The Practicality of a Wikipedia-based Search Engine

Published in

INST414: Data Science Techniques

6 min readApr 10, 2023

Introduction

Wikipedia is a free online encyclopedia with over 60 million articles, written in more than 300 languages. As one of the most popular sources of information on the web, Wikipedia acts as its own network of information. To improve user experience, a search engine using natural language processing (NLP) could be implemented to speed up information retrieval on Wikipedia. But, this raises the following question: Is a Wikipedia-based Search Engine practical? The objective of the analysis is to identify patterns in data returned by Wikipedia’s default search tools that establish a precedence for the development of a Wikipedia-centric search engine, and prove that such an engine is, in fact, practical.

Sources and Tools

The data for this project was collected directly from Wikipedia, with only topics related to “LeBron James” being analyzed due to computational constraints. The project utilized several Python libraries, including the wikipedia library for data collection, the pandas library for data manipulation and analysis, the scikit-learn library for data processing and classification, the NetworkX library to create the graph model, and the Gephi software for generating the final visualizations.

The wikipedia library was used as the primary tool for gathering information from the Wikipedia website. The pandas library was used to store data in a tabular format, and to manipulate the structure of the data. The scikit-learn library was used to calculate the similarity between documents and to define the edges of the graph. The NetworkX library was chosen for its simple and powerful interface and support for graph metadata, and was used to create the models for the graph. Finally, the Gephi software was used to visualize the graphs generated by the analysis.

Data Collection and Cleaning

The first step in the project was to collect the LeBron James data using the wikipedia API. The following code snippet returns the first 100 article titles that the current Wikipedia search tool will return. The query parameters are: suggestion, which informs the tool whether or not to augment our search query to match some records existing in the database; results, which is simply the number of records we want returned.

import wikipedia as wiki

# Returns a list of page titles related to Lebron James
query = "LeBron James"      
titles = wiki.search("LeBron James", suggestion=True, results=100)[0]

Wikipedia articles returned when searching for “LeBron James”

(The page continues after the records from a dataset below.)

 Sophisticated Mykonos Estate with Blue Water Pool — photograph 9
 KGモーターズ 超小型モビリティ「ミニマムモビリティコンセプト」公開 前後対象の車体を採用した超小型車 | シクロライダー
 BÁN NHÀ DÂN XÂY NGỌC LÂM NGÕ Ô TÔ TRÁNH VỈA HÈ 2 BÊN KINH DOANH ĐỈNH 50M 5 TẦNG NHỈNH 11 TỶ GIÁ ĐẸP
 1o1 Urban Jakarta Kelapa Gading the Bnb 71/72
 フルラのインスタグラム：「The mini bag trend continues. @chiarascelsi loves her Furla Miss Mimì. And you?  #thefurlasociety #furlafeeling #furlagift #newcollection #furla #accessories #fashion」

The second step in the data collection process was storing each of the article’s content in an accessible way. The following code snippet uses the DataFrame object from the pandas library to store the content of the article, along with some metadata. Furthermore, it uses the hash-value of the title of the article as the index.

import pandas as pd
import hashlib 

# Create a DataFrame to store the 'title' and 'content' 
pages_df = pd.DataFrame(columns=["title", "content"])

# Iterate over the titles; store the title and page content in the DataFrame
for title in titles: 
    bytes_ = title.encode("UTF-8")                  # get the bytes representation of the string
    index = hashlib.sha1(bytes_).hexdigest()        # get the hash-value of the title
    index = index[:10]                              # truncate the hash-value

    # Get the content of the article 
    page_content = wiki.page(title, auto_suggest=False).content

    # Store the article contents in the DataFrame
    pages_df.at[index] = [title, page_content]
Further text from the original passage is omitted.